On ne peut nier que la croyance aux daimones, aux génies qui ont inspiré les héros pendant leur vie, ne soit une antique croyance aryenne. M. Fustel de Coulanges l’a mise en relief dans son beau livre sur La Cité antique ; en tout cas, elle est très précise dans Hésiode. Mais il est également remarquable que cette croyance semble absolument oubliée dans les poèmes homériques, et, d’autre part, qu’on la retrouve accusée seulement chez les sages que la tradition met en rapport avec l’Égypte, Thalès et Pythagore, ainsi que chez Héraclite, incontestablement plus égyptien que l’un et l’autre. Ce fait ne concorde-t-il pas avec cette vérité hors de doute que les Égyptiens étaient les plus religieux (superstitieux) de tous les hommes, et que la croyance aux démons était chez eux poussée plus loin qu’elle ne l’a jamais été en Grèce ?

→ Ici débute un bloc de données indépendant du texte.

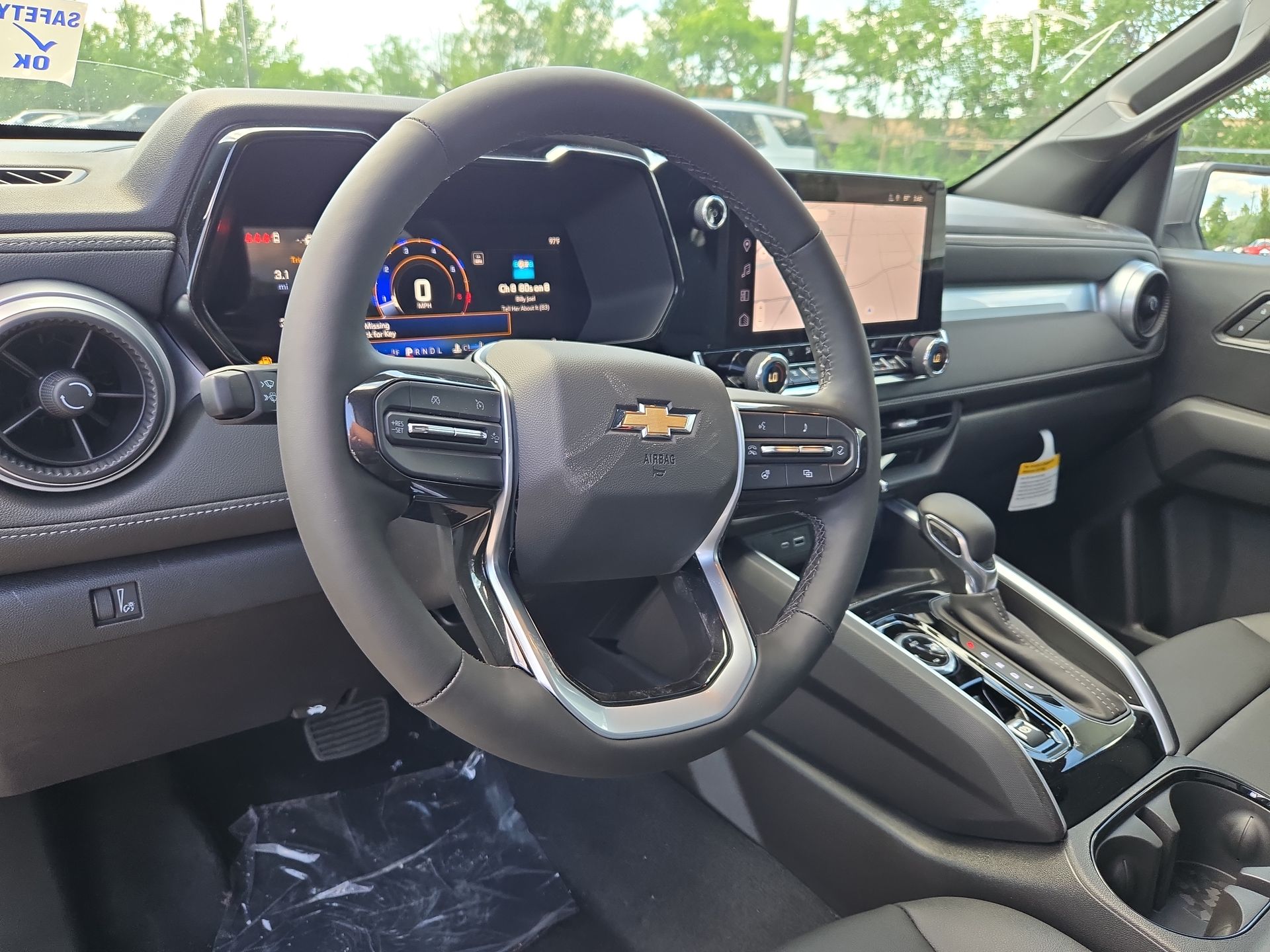 2025 Chevrolet Colorado Work Truck LT photo 15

Si c’est par la respiration qu’Héraclite nous met en communication avec l’âme universelle, ne retrouve-t-on pas là les « souffles de vie que Rà distribue aux hommes » ? Le fragment 25, « que les âmes sentent dans l’Hadès, » semble traduit du Livre des morts.

Arrêtons ici ces rapprochements, suffisants pour montrer que, si un philosophe a subi l’influence égyptienne, c’est incontestablement Héraclite ; ils permettent aussi de constater les limites de cette influence, qui, de fait, n’a pas altéré le caractère profondément grec du penseur. Esprit essentiellement religieux, mais d’une religion plus haute que celle du vulgaire, il a cherché la vérité cachée sous les symboles et les fables ; mais il ne l’a pas cherchée seulement en Grèce ; depuis longtemps, les Ioniens rapportaient des bords du Nil, comme un des fruits de leur commerce, des mythes moins défigurés que les leurs et qui s’offraient à eux comme infiniment plus anciens. Ils ne pouvaient manquer d’attirer l’attention de l’Éphésien, et ce fut là qu’il trouva la clef de l’énigme qu’il cherchait. Elle n’était point telle qu’il pût se sentir inspiré de l’ardeur et de la foi qui en eût fait l’apôtre d’une religion plus pure, le réformateur d’un culte entaché de singulières bizarreries. Mais il voulut au moins tenter la contre-partie des essais des physiologues milésiens, et il introduisit la théologie dans l’étude de la nature, qu’ils

  1. Maspéro, Histoire ancienne, etc. p. 39.